Friday, September 30, 2005

Midwest Mothers Keepin it Real

Howdy fellow travelers of the great winding road,
I am now in O' town, population: others. Its great being back in the town of my youth. I spent the last week in Missouri, living in my sisters basement. Because of my pride I did not work as a bag boy. No, my friends, I did not work at all. During my stay in St. Louis I was able to visit Grant's farm, a park owned by Budweiser. This free park featured a harmonica playing elephant, FREE BEER, camels, and goats. I suggest everyone plan their next vacation around this place. The elephant also blows up balloons.

I saw my old friend Sea Bass while in St. Louis, and threw down some science and math talk. I found out in a Nat. Geographic that men (it only works with men) that have a much shorter index finger when compared to their fourth finger (the one next to the pinky) are statistically more aggressive than men whose fingers do not display this trait. I can't say I understand the methodology that produced such a conclusion, but I like the results. Now I can easily prove to all the doubters that my calm passive demeanor belies a great wolf within. Don't jerk my chain all you sasquatches of the world, for I may wolf out, and woe unto thee who faces this awesome wrath.
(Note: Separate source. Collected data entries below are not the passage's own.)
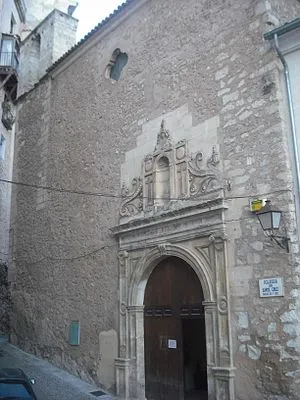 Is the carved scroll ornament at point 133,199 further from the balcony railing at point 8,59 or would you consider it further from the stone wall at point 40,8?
the stone wall at point 40,8

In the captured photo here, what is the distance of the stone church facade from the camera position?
20.8 ft

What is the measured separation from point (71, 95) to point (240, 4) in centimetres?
542

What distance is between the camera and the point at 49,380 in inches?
360

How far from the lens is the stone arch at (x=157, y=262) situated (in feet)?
23.0

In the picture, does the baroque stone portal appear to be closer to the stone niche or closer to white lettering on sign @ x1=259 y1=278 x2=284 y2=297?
the stone niche

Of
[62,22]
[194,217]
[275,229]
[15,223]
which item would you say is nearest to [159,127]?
[194,217]

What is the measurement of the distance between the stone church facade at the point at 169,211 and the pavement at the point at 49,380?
242mm

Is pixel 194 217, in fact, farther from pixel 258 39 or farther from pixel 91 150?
pixel 91 150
Last night I slept in matching Spiderman bed sheets and blankets. Spiderman is really cool. So thinks my four year old nephew, (who lent me use of his bed) and so thinks the Professor of Passion. I have experienced much on this wild journey, and I cant wait to experience more of my wonderful adventures as the displaced Hurricane Jew. For now though, I rest, comforted in the arms of the Spiderman.

1 Comments:

Blogger casual ninja said...

shorter index fingers in women indicate dead sexiness.

an elephant, free beer, camels, and goats? it sounds like grant's farm is just asking for trouble. lewd conduct? yes, please!